◆ Work instruction ◆
Everything from the first line below through the line with "a pink butterfly" is to be transcribed exactly, and nothing past it.

===== Exercise materials =====

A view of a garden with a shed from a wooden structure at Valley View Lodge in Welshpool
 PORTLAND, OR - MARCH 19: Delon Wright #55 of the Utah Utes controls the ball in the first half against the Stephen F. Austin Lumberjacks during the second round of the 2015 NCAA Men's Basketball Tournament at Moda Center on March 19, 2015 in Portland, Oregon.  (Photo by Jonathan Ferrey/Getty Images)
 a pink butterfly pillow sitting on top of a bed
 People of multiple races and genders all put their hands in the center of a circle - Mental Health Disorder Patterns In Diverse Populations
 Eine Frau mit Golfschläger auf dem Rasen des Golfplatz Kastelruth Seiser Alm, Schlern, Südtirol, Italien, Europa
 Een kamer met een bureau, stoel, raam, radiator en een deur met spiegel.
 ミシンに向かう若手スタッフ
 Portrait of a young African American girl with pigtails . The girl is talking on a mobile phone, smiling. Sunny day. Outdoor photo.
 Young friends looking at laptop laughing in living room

=====

◆ Exercise solution ◆
A view of a garden with a shed from a wooden structure at Valley View Lodge in Welshpool
 PORTLAND, OR - MARCH 19: Delon Wright #55 of the Utah Utes controls the ball in the first half against the Stephen F. Austin Lumberjacks during the second round of the 2015 NCAA Men's Basketball Tournament at Moda Center on March 19, 2015 in Portland, Oregon.  (Photo by Jonathan Ferrey/Getty Images)
 a pink butterfly pillow sitting on top of a bed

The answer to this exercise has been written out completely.